That said, the album holds together, no matter the geographical difficulties inherent in its birthing.

In many ways, the instrumentation reminds me of a brand of Utah music that was popular c 2000. The apotheosis of this sound—at least in my mind—is Olea. But that’s probably because in 1999 a member of that band lived across the hall from me in Alta Apartments. Anyway, it was a great little band and you can hear clips from their songs here and you’ll immediately note, if you compare them with clips from Moneydiggers songs, that I’m being unfair to one band or the other.

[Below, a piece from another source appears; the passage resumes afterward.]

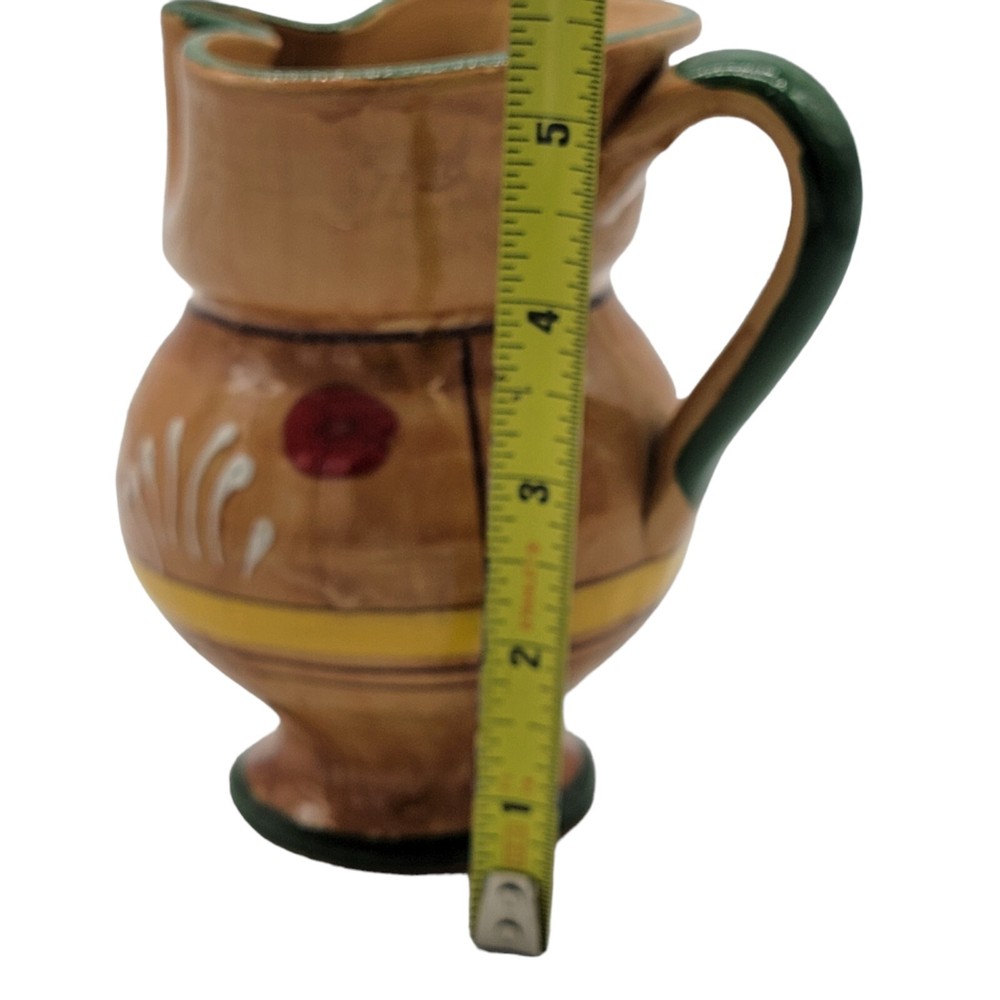 5" Brown Pottery Handled Pitcher Vase Handpainted Unsigned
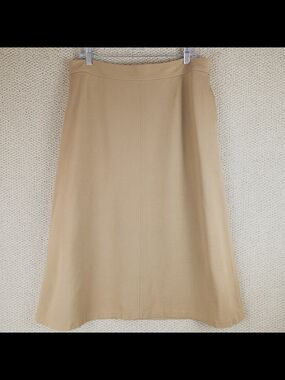 J. Jill Ponte A-line Midi Skirt Size 14 Tan Pockets Stretch Zip Classic Capsule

Yes, yes, they share some acoustic instrumentation and a folky sensibility and That Utah Sound, but Olea is more successfully poppy, has tighter playing and production, and an almost EFY clarity of vocals (to say nothing of their almost EFY sincerity).

Jiminy Finn and the Moneydiggers meanwhile are checking a different set of boxes. Might be better to compare them to nonUtah contemporaries like Mumford & Sons which, while still folky and perhaps even poppy, leaves on the rough edges. They sound like a rock band—not classically trained music majors playing rock music.

The key to the puzzle that is Campfire Carols is Skyler’s voice. The cd starts with a nice simple acoustic guitar and crickets and some ahs and oos. Lovely.

Then we move to the first real song, “Lo Que Sea”. As we get to the second verse, Skyler turns up the vocals to deliver delightfully weird lines of absurdist wit (I’m adding occasional line breaks for our convenience—in the liner notes, there are none):

Once upon a time there was someone who did somethin’.
I’d rather give a man a fish than teach him how to gainfully cross-stich.
Miss Susie had a steamboat, singin’ “Carol of the Bells.”
That’s good enough, just wrap it up, it’s just as well.

Skyler’s vocal volume and intensity suggest an increased emotional import, the lyrics and his voice fail to keep up.

As the album progresses, Skyler’s not-quite-up-to-the-job voice presents lyrics like the following:

Baby, I swear you’ll never find in your life another guy who loves you as much as I’d like to assume that I love you. Maybe love’s not quite the word; if nothing else I would prefer to be with you if my only other option was being alone. (“I Guess I Want to Be with You”)

Eventually, just you and me, I’ll leave the band behind and stand by your side, least until a new song comes to mind. (“I’ve Got to Write a Song Tonight”)

Uglier guys than me and worse singers have gone rather far. So I thought I’d try it out on the next pretty girl who comes my way. I guess you’ll do, baby this one goes out to you. Whoa-oh-oh. Ain’t it sexy when I go “whoa-oh-oh”? (“Universal Love Song”)

I got to admit I love this stuff. I find these sorts of failed-love-song lyrics all kinds of fun and I love singing along to choruses like “I Guess I Want to Be with You”‘s while I do the dishes. And for all my snide asides about the voice, I’m a They Might Be Giants fan. I have some flexibility here.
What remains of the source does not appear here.